Okuduklarımdan çıkardığım kadarıyla ben yokum.

Yokluğun hayatından çalınmasını bekliyordu. Alamet peşindeydim. Ruhumun yitirdiğinden daha azimli olduğumu biliyordum. Kalın giysiler giyiyordum. Beynimi yiyordum. Ne dediğimi bilmiyordum. Olduğumdan habersizdim. Olduğumu bana söylemediler. Bana ikinci kere kimse bir şey demiyor. İlkinde de ben anlamıyorum.

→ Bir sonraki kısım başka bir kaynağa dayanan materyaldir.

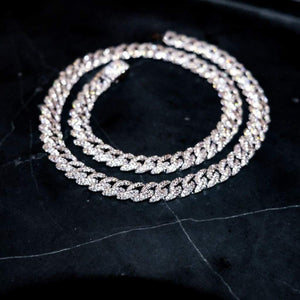 4mm Diamond Beads Chain White Gold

Çünkü ben yarı sağırım. Yarı sağırlık iyi ama her zaman değil. Bazı zamanlar tam sağır veya hiç sağır olmak istiyorum. Bazı zamanlar da yarı sağır olmanın bana en uygun durum olduğunu düşünüyorum. Olduğumla mutlu olmayı seviyorum. Olduğumla mutlu olduğuma mutlu oluyorum. Böyle bir döngü var. Hayatın döngüsü. Kimisinde tersine işliyor.

Sakin adımlarla geleceğe yürümek isterdim. Öyle olmadı. Beni yürütmüyorlar. Yürüyen ben değilim. Bir gölge. Neyin gölgesi, kim bu kukla oynatan? Ben değilim. Benim bildiğim ben değilim. Benim bildiğim ben olamam. Ben kendimi bilseydim, kendini bilen ben olamazdım.

İnsanın varoluşu, bildiklerinden kendini ayırmasıyla başlıyor. Varoluş kelimesinde bir varoşluk var. Kendini oluşun merkezinden alıp, başka bir yere koyuyorsun. Bildiğin yerlerin hepsini unut. Ne dediğimin önemi yok.

Varoluş sancılarının büyük ölçüde kendine itiraf edemediğin veyahut söylemeye bile utandığın arzulardan kaynaklandığını düşünürüm. Hepimiz biraz narsistiz diyor kitapta. Evet, hepimizde biraz, bazılarından biraz daha fazla. İnsan kendi narsizminin farkına vardıkça ondan kurtulur mu? Bazılarına narsizm doğal da geliyor olmalı. Farkındayım ve narsistim. Farkındayım ve artırıyorum.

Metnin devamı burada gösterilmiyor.